Caltrans will fund $2 million in improvements to Highway 13 in Berkeley as part of the settlement of a lawsuit by civic activists challenging the state’s plans to drill a fourth bore for the Caldecott Tunnel.
That sum doesn’t include $750,000 Caltrans had already committed to the city street improvements.
The agreement, signed by Caltrans Jan. 23, is the second pact signed by the state transportation department to compensate for impacts of the tunnel project.
An agreement with Oakland was signed last June under threat of a lawsuit, giving that city $8 million in mitigation projects to offset project impacts.
Highway 13, known for the greatest part of its course through the city as Ashby Avenue, turns into Tunnel Road east of Claremont Avenue.
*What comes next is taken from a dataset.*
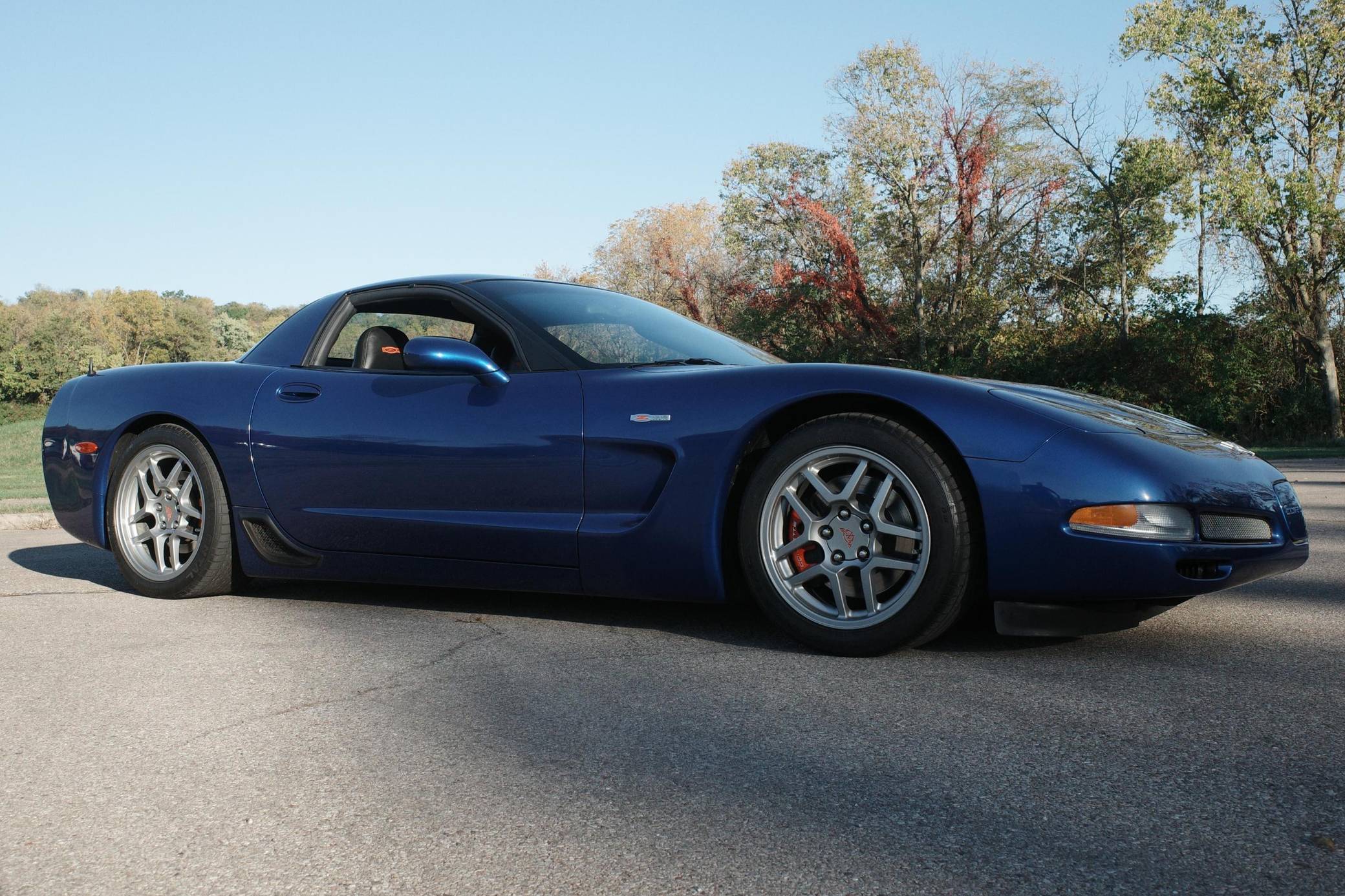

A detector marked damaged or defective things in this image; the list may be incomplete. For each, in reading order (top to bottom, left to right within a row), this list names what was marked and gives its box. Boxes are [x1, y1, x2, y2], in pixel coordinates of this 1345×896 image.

crack in asphalt [173, 619, 500, 742]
The highway carries traffic to and from the city, intersecting with Highway 24 not far from the tunnel.
The Berkeley funds are to be spent on traffic signals and signal timing, and for improvements that make the road safer for cyclists and pedestrians, according to the 11-page agreement filed with the court of Alameda County Superior Court Judge Frank Roesch.
According to the agreement, “[p]rojects will be selected by the City of Berkeley,” with the approval of the Fourth Bore Coalition (FBC) and subject to final approval by Caltrans based on safety and feasibility.
The FBC is an alliance of the Berkeley Claremont Elmwood Neighborhood Association, East Bay Bicycle Coalition. Friends of Rockridge-Temescal Greenbelt, North Hills Phoenix Association, Parkwoods Community Association and the Rockridge Community Planning Council.
FBC chair Ann Smulka signed the agreement, as did FBC attorney Stuart Flashman, Caltrans Director Will Kempton and Janet Wong, the agency’s lawyer.